Pictures stay out of this copy, which runs from the first line of the material through the line containing "KEYSION HIFI DAC".

*** DATA PROVIDED Section Begins ***

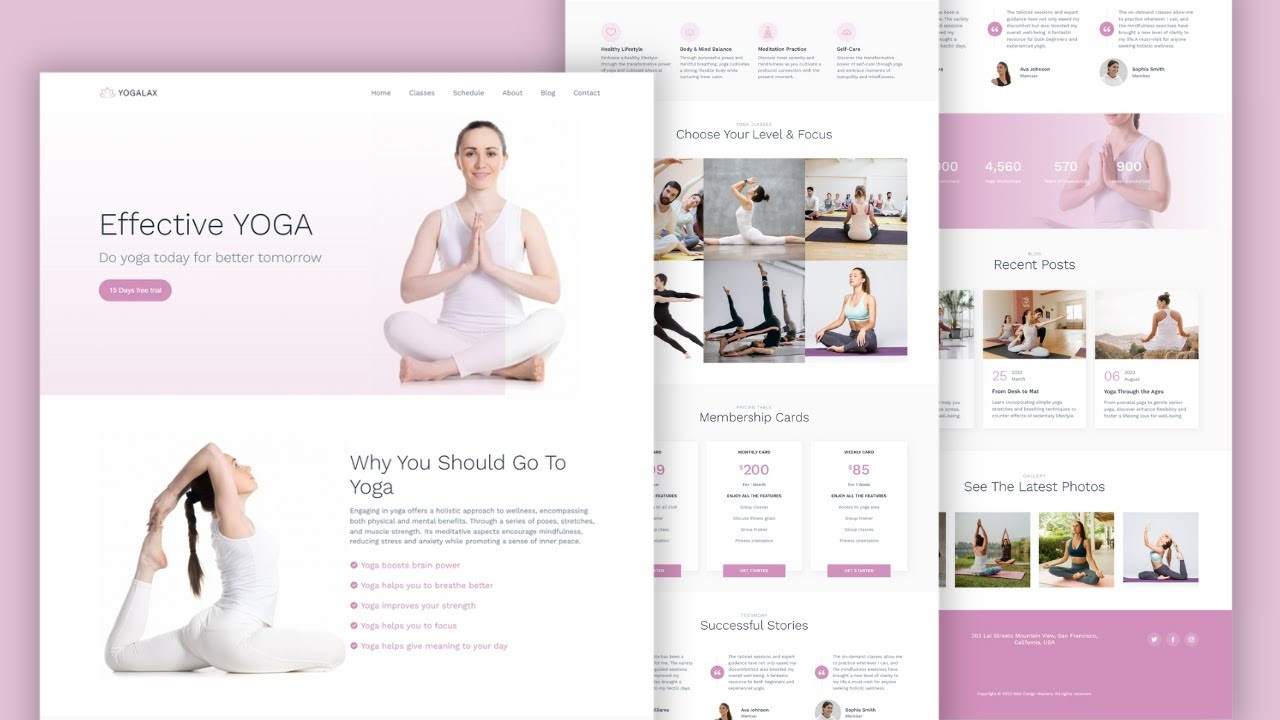 Design A Yoga Classes Landing Page Using HTML CSS & JavaScript With ScrollReveal Animations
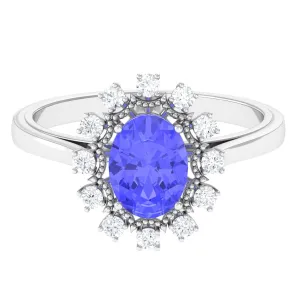 Vintage Inspired Oval Tanzanite and Diamond Halo Ring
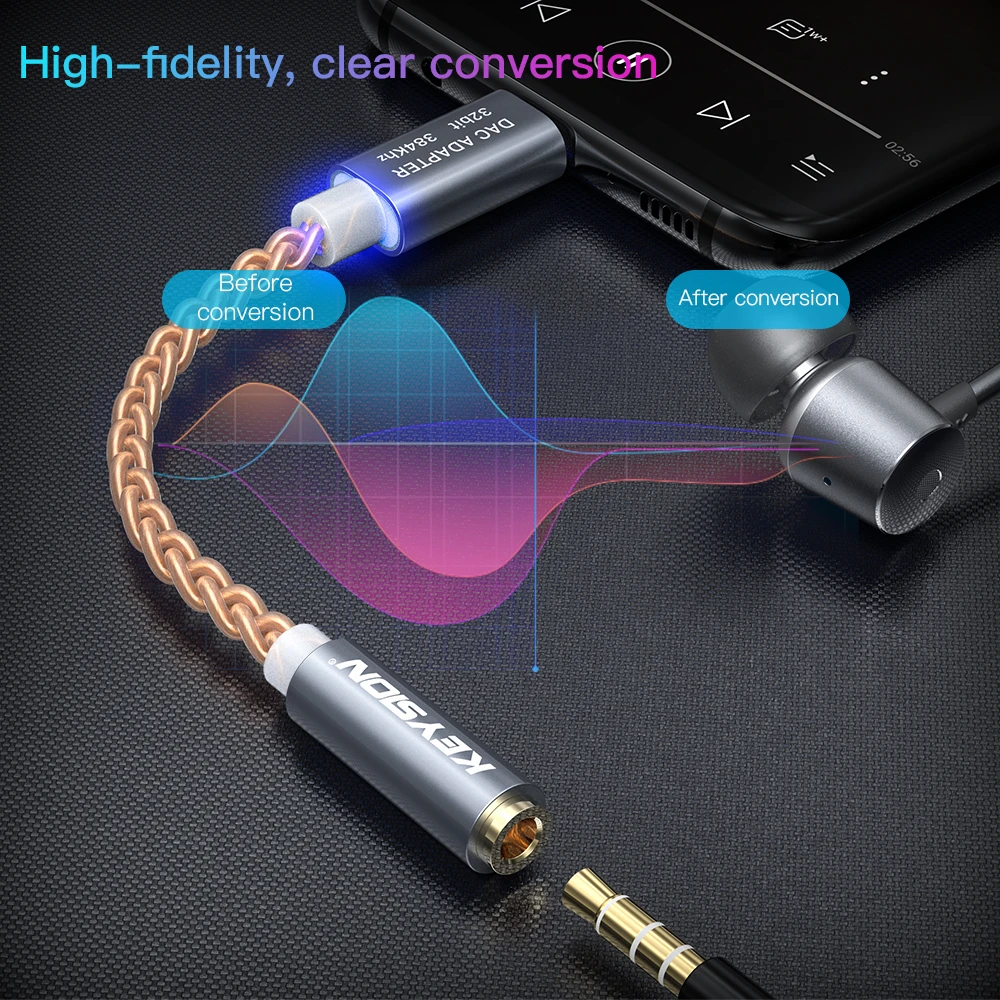 KEYSION HIFI DAC earphone Amplifier USB Type C to 3.5mm Headphone Jack audio adapter 32bit 384kHz Digital Decoder AUX Converter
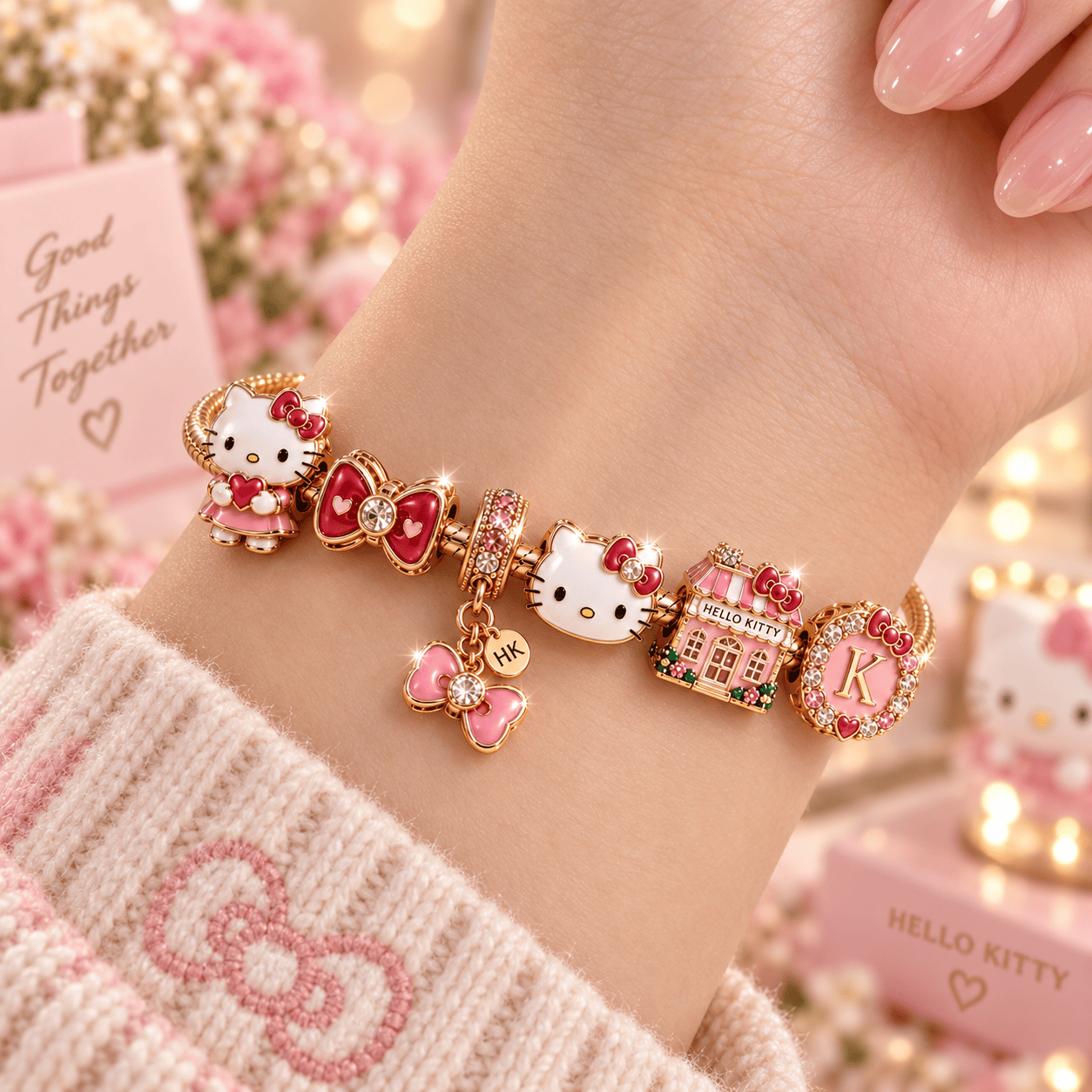 HLKT Gold Charm Bracelet Set PNPA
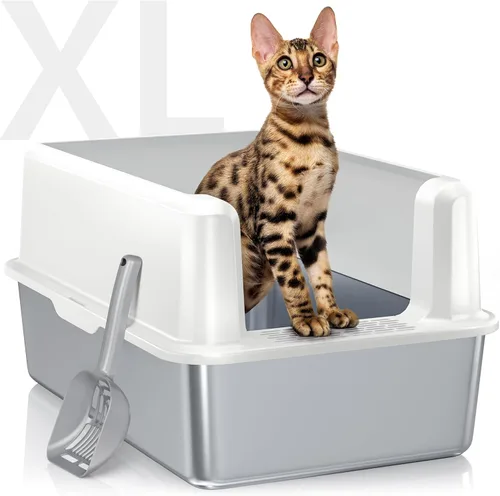 Vista 15 de WoofiGo Caja de arena cerrada de acero inoxidable para gatos con tapa, caja de arena extra grande XL para gatos grandes, bandeja de arena de metal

*** DATA PROVIDED Section Ends ***

**EXERCISE RESPONSE:**
 Design A Yoga Classes Landing Page Using HTML CSS & JavaScript With ScrollReveal Animations
 Vintage Inspired Oval Tanzanite and Diamond Halo Ring
 KEYSION HIFI DAC earphone Amplifier USB Type C to 3.5mm Headphone Jack audio adapter 32bit 384kHz Digital Decoder AUX Converter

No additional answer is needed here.